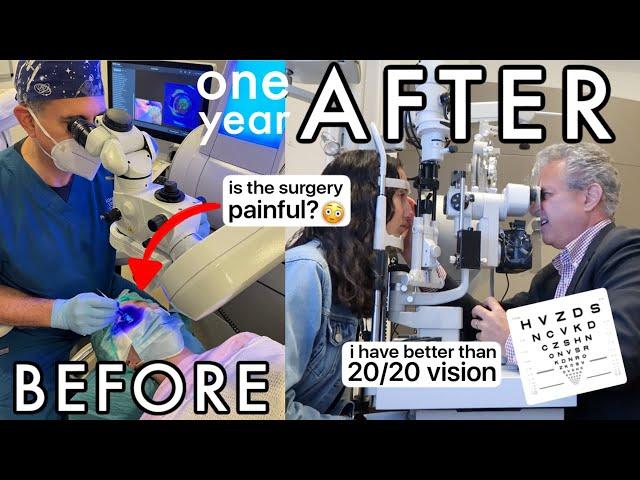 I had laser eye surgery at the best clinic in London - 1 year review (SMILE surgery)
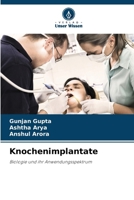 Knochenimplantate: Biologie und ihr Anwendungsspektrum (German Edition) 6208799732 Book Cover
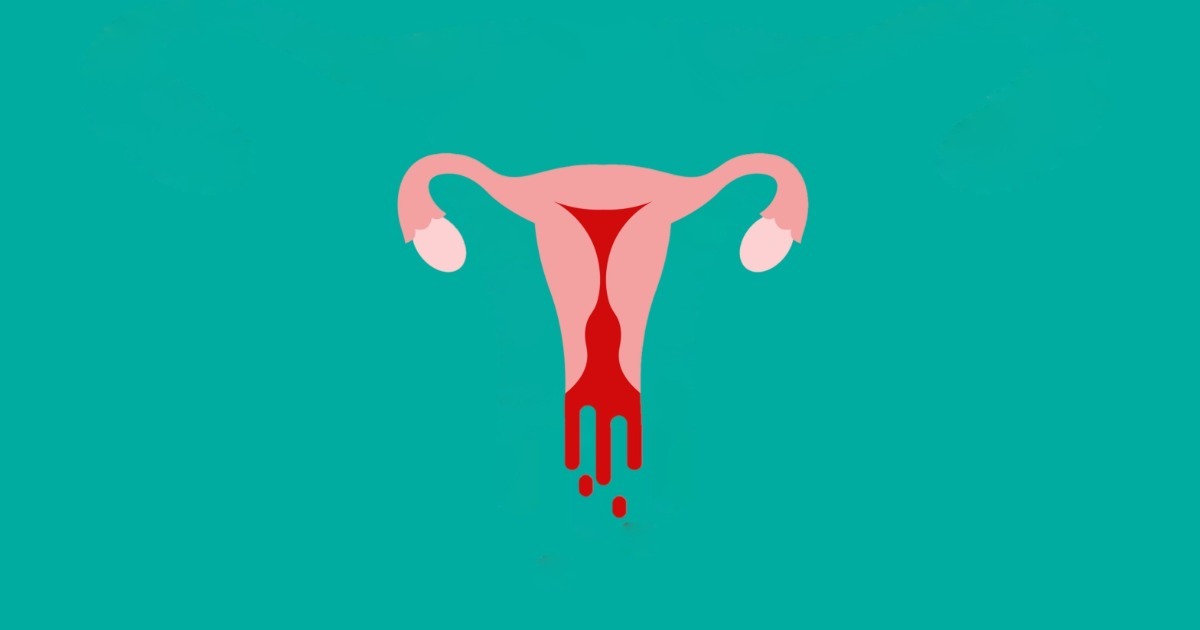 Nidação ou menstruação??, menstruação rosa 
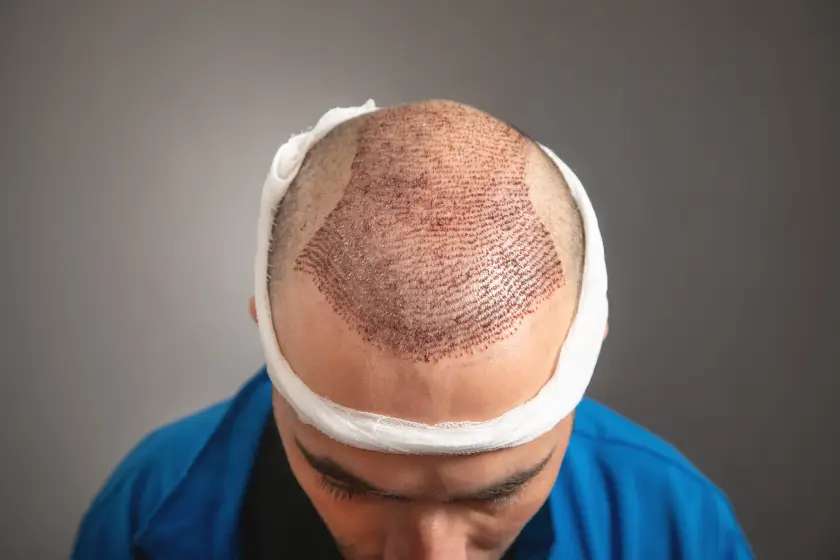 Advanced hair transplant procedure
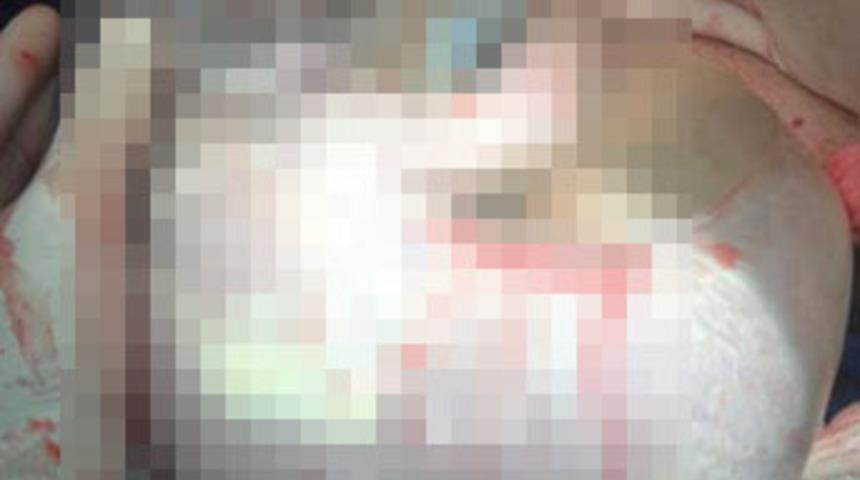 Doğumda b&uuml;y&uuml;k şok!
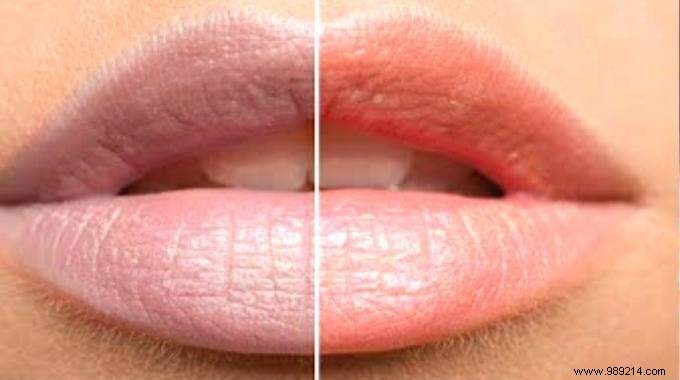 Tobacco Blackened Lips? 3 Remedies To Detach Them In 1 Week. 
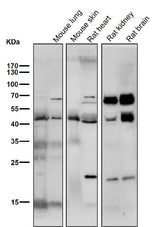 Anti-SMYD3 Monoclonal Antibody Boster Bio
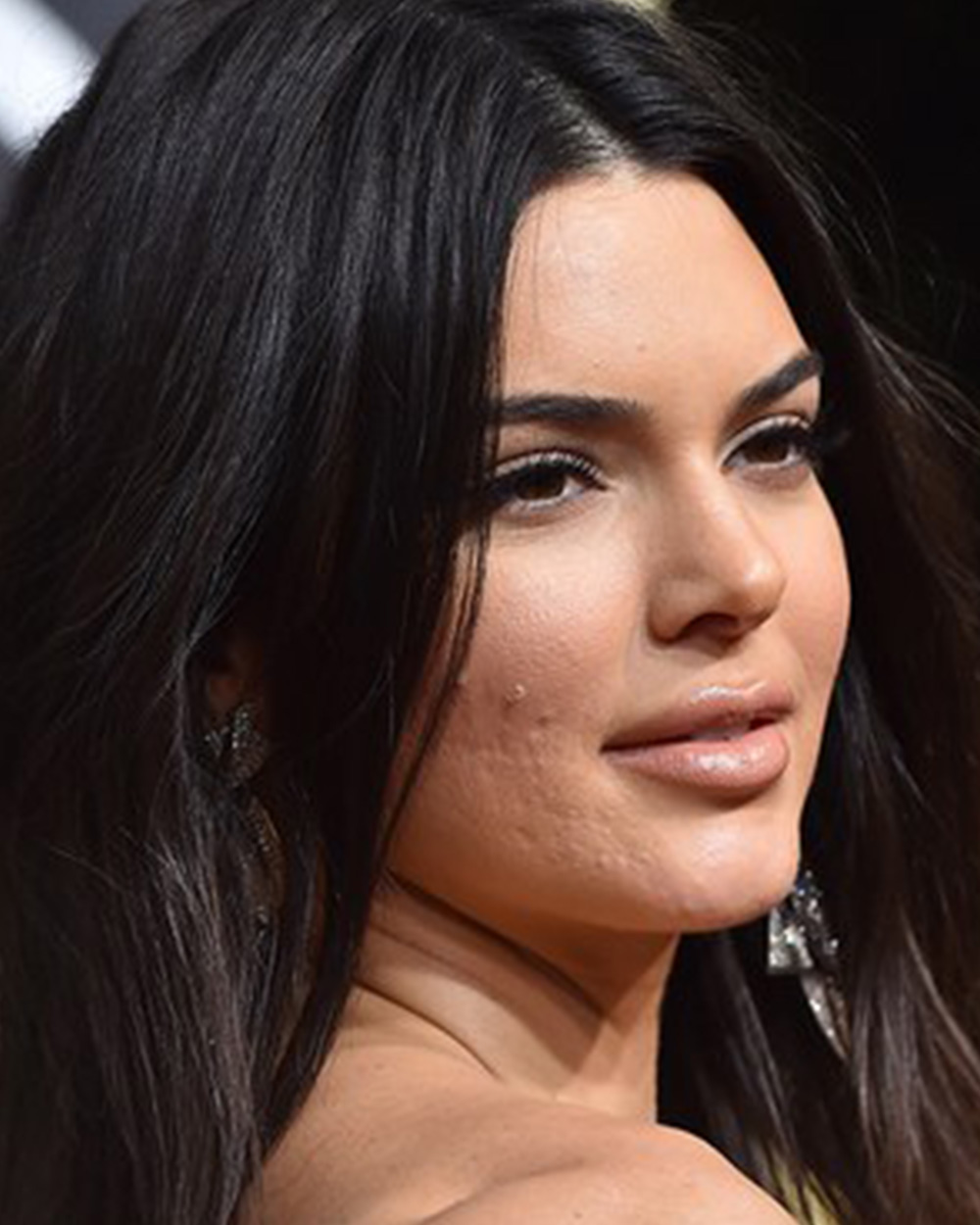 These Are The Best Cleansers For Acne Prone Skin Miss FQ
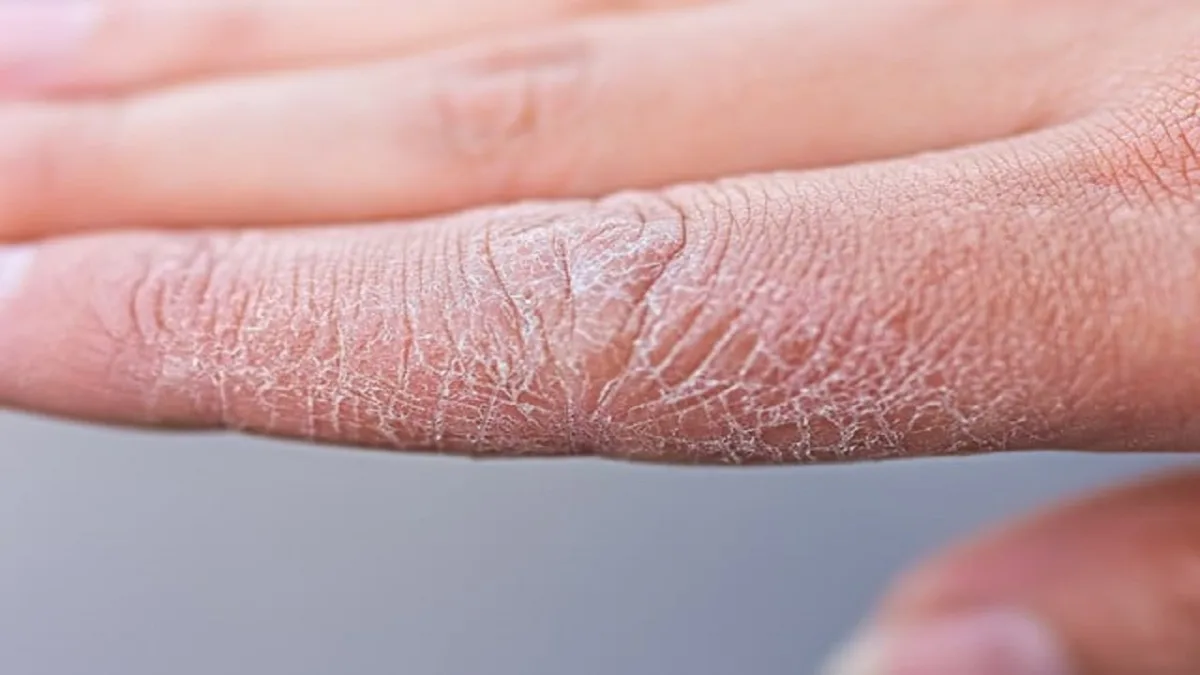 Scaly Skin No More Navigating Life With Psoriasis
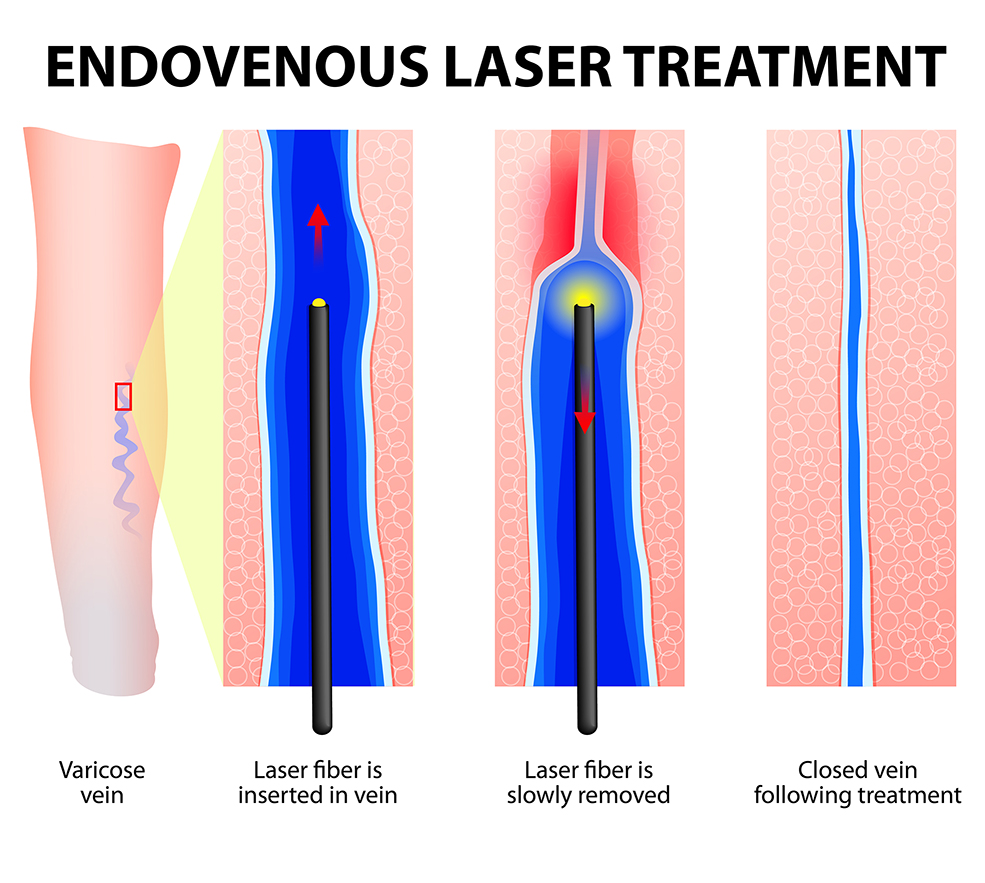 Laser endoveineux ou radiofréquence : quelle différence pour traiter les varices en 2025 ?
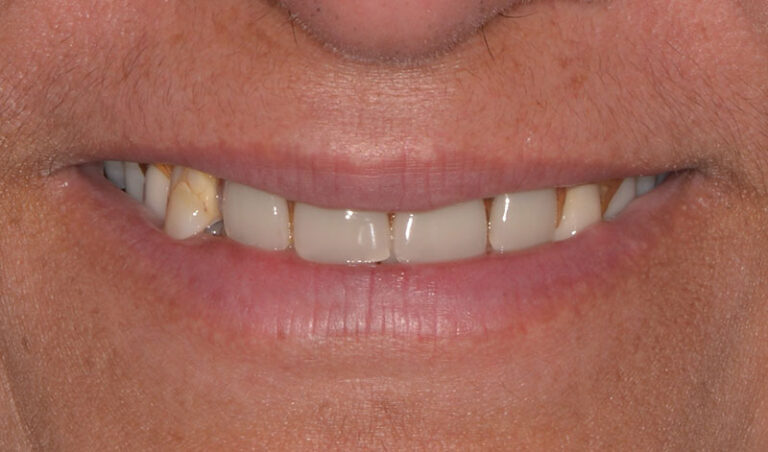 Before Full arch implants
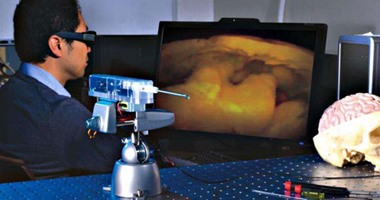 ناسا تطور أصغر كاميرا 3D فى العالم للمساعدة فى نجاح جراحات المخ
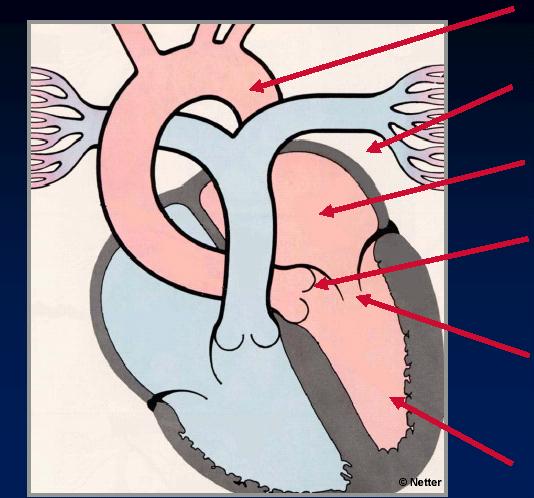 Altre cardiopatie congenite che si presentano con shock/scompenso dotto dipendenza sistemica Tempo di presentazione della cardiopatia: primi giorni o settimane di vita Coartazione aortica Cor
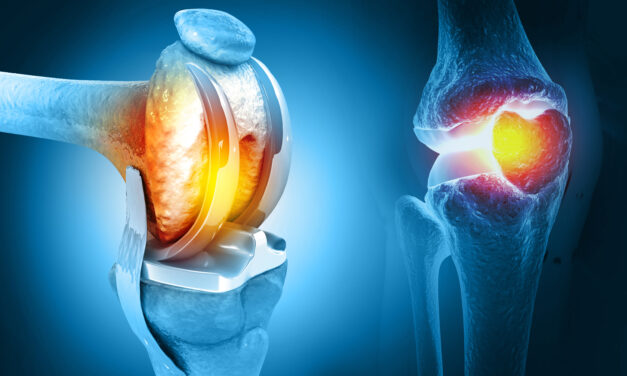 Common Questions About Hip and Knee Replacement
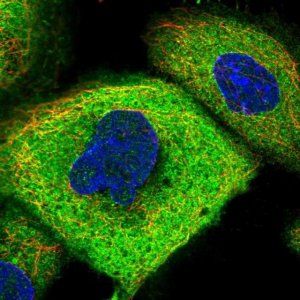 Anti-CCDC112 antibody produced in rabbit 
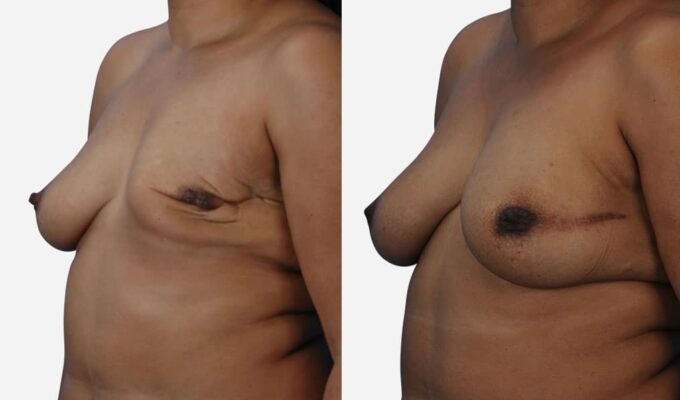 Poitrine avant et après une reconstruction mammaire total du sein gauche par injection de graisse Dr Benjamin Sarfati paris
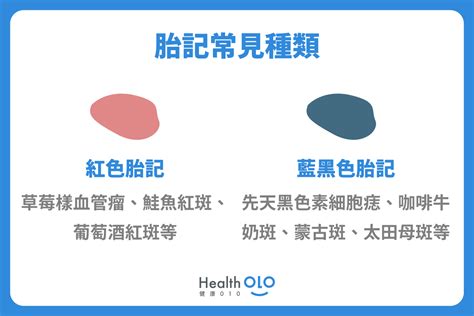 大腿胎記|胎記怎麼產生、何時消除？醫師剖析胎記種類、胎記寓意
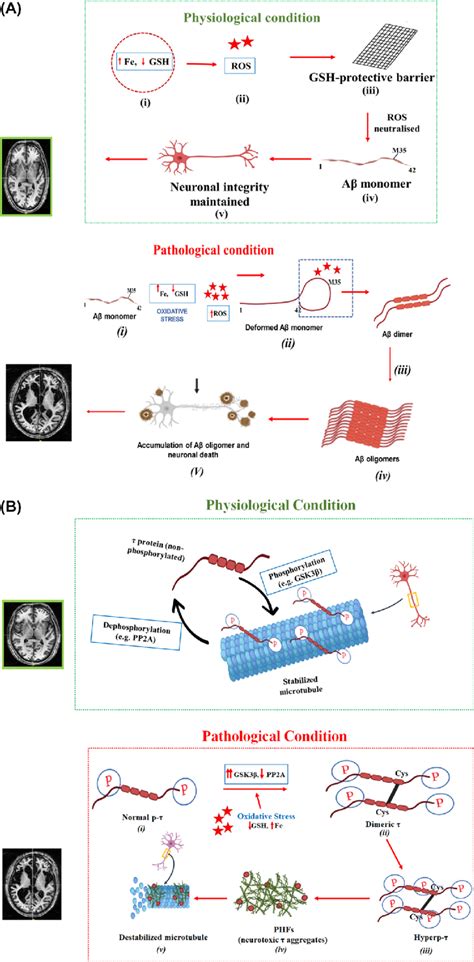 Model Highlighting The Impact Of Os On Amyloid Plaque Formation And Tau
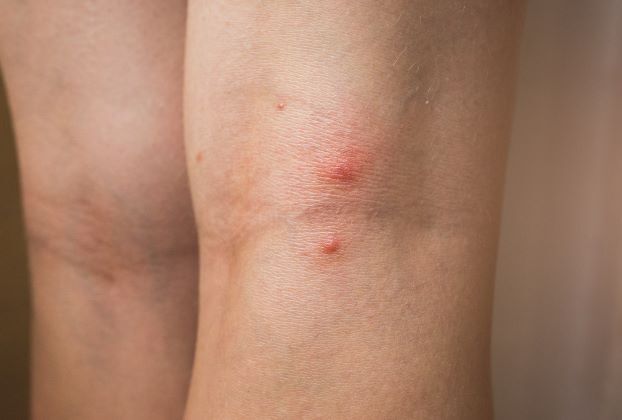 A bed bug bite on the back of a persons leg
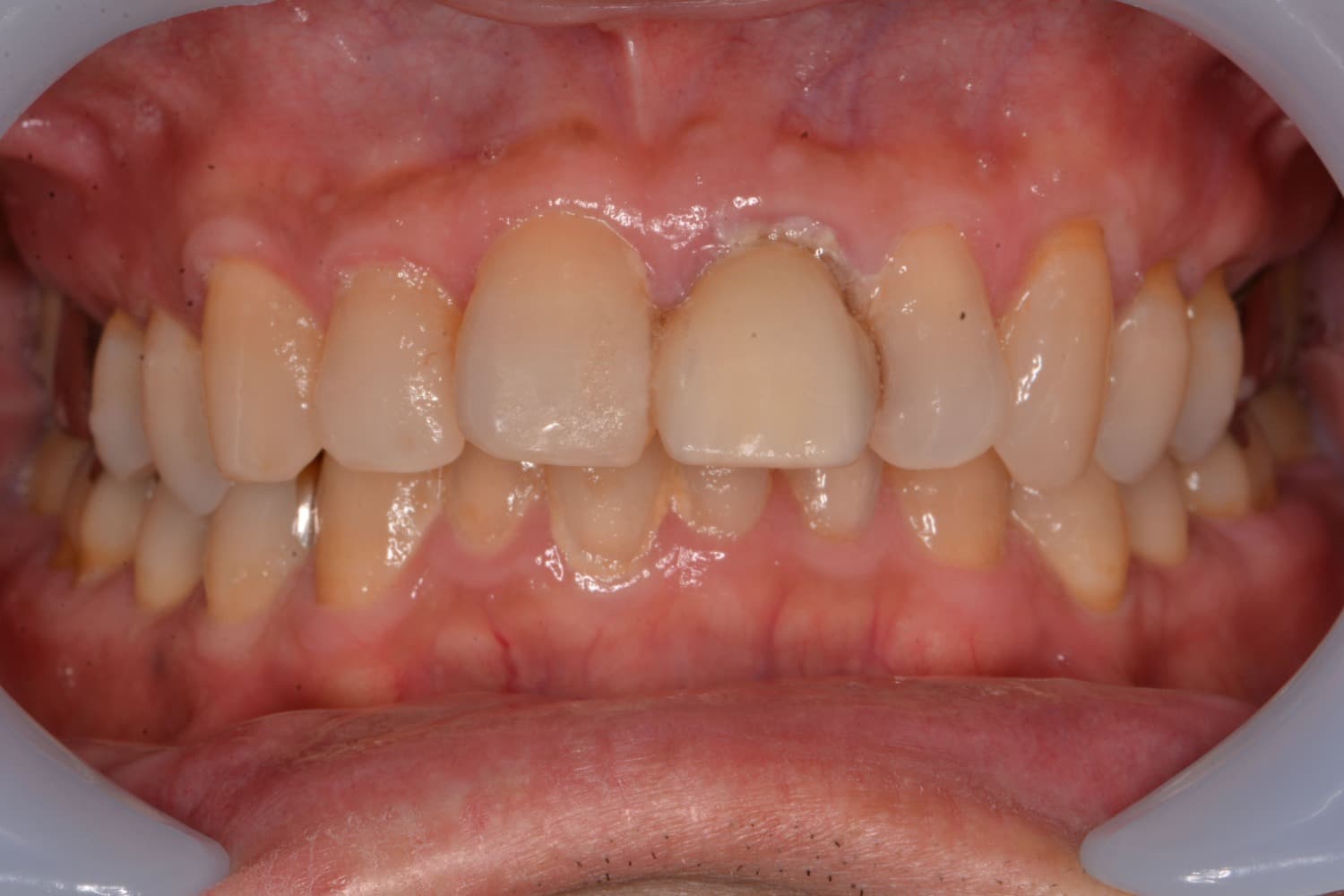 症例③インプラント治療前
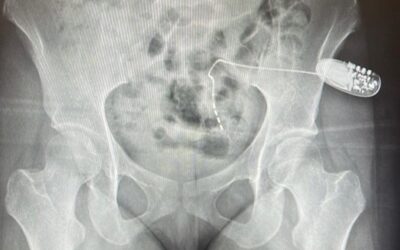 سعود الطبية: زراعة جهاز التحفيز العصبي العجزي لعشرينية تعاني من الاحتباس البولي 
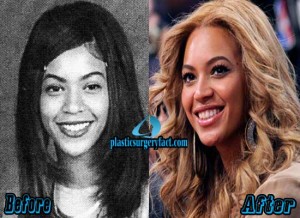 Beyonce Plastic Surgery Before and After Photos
* * * *
About this exercise — Leave the pictures aside and print exactly, and only, the lines from the one with "Scaly Skin No" through the end of the data, both included.

Response to the task —
 Scaly Skin No More Navigating Life With Psoriasis
 Laser endoveineux ou radiofréquence : quelle différence pour traiter les varices en 2025 ?
 Before Full arch implants
 ناسا تطور أصغر كاميرا 3D فى العالم للمساعدة فى نجاح جراحات المخ
 Altre cardiopatie congenite che si presentano con shock/scompenso dotto dipendenza sistemica Tempo di presentazione della cardiopatia: primi giorni o settimane di vita Coartazione aortica Cor
 Common Questions About Hip and Knee Replacement
 Anti-CCDC112 antibody produced in rabbit 
 Poitrine avant et après une reconstruction mammaire total du sein gauche par injection de graisse Dr Benjamin Sarfati paris
 大腿胎記|胎記怎麼產生、何時消除？醫師剖析胎記種類、胎記寓意
 Model Highlighting The Impact Of Os On Amyloid Plaque Formation And Tau
 A bed bug bite on the back of a persons leg
 症例③インプラント治療前
 سعود الطبية: زراعة جهاز التحفيز العصبي العجزي لعشرينية تعاني من الاحتباس البولي 
 Beyonce Plastic Surgery Before and After Photos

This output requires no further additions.